Metropolitan Mortgage & Securities Co. v. Belgarde

MACY, Justice,

dissenting.

I agree with Justice Cardine in his dissent that the parties entered into an unambiguous bilateral contract. It is clear from reading the contract in its entirety that the buyer agreed to pay the seller in installments and, upon the buyer’s failure to do so, the seller had the option to repossess the property. I part company with Justice Cardine, however, when he insists:

In the absence of a specific provision for alternative remedies, where sale is by contract for deed or agreement for warranty deed, as in this case, such remedies do not exist.

At 877 (Cardine, J., dissenting). This is contrary to our holding in Walters v. Michel, 745 P.2d 913 (Wyo.1987). In Walters, the buyers argued the sellers could pursue only those remedies enumerated in the contract.
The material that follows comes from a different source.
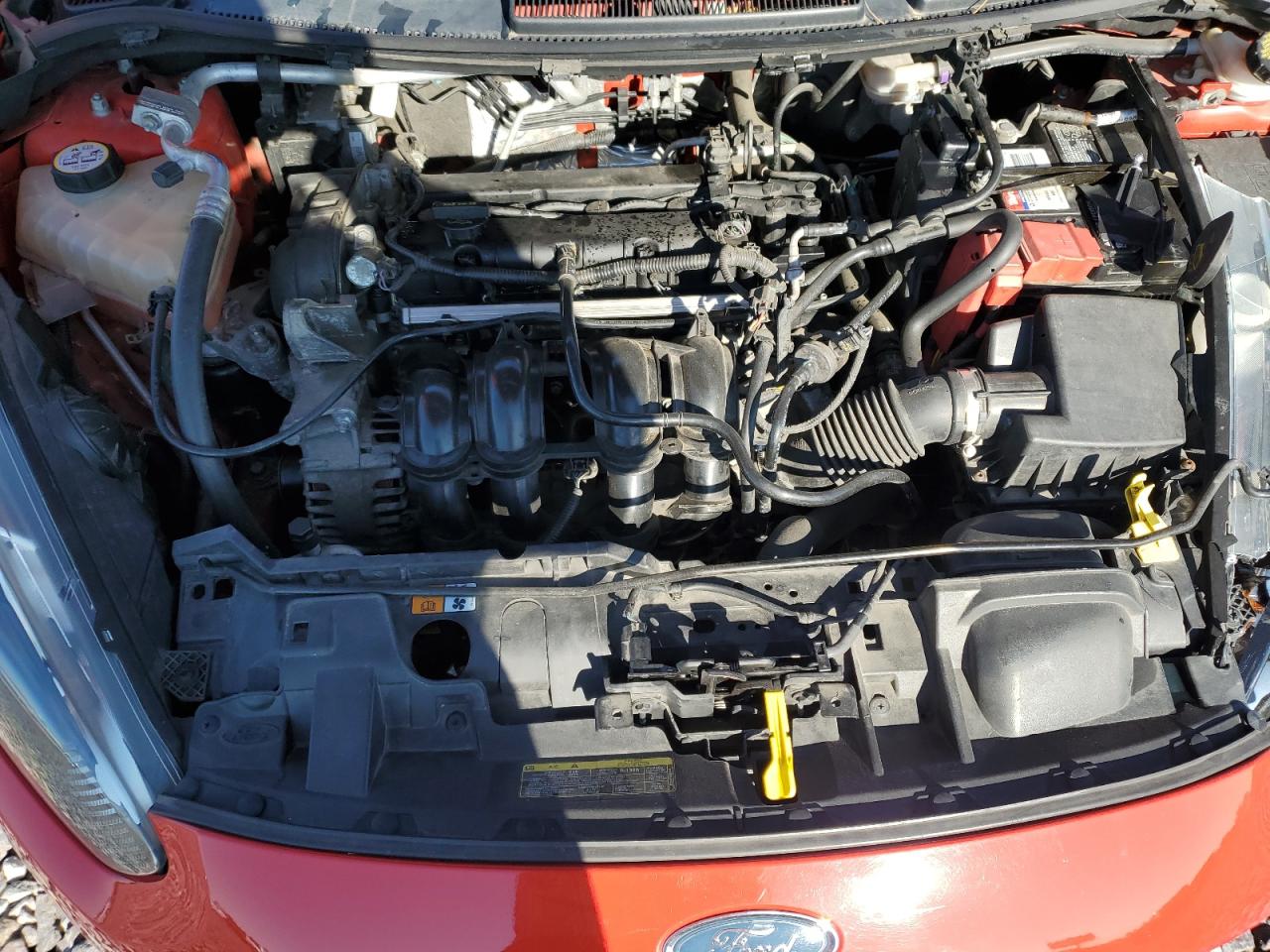 2014 Ford Fiesta Se VIN: 3FADP4EJ8EM116871 Lot: 90897885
We disagreed and ruled the sellers were not limited, in the absence of an “exclusive remedy” clause, to those contractual remedies enumerated in the real estate purchase agreement.1 The contract at issue in the case at bar does not contain an “exclusive remedy” clause.

For additional support, see Glacier Campground v. Wild Rivers, Inc., 182 Mont. 389, 597 P.2d 689 (1978). In Glacier Campground, the Montana Supreme *878Court, quoting an earlier Montana case, stated the general rule:

“It is the general rule that the clause of forfeiture in a contract of the sale does not operate to make the contract void, when there is a default on the part of the vendee, so as to terminate the liability of the vendee, but the vendor may elect whether to declare a forfeiture or rely upon the liability of the vendee as fixed by the contract, and sue for the purchase price.” (Emphasis added.)

Id. 597 P.2d at 696 (quoting Alexander v. Wingett, 63 Mont. 254, 259, 206 P. 1088, 1089 (1922)). The Montana Supreme Court went on to rule, “In the absence of a contractual provision expressly limiting the remedy or remedies available, a party may pursue any remedy which law or equity affords, as well as the remedy or remedies specified in the contract.” Id. This Court has ruled, “[F]ailure to make payments, while constituting grounds for forfeiture of a conditional [installment land] contract, does not operate to terminate the contract absent appropriate notice to the nonperforming party.” Kost v. First National Bank of Greybull, 684 P.2d 819, 823 (Wyo.1984).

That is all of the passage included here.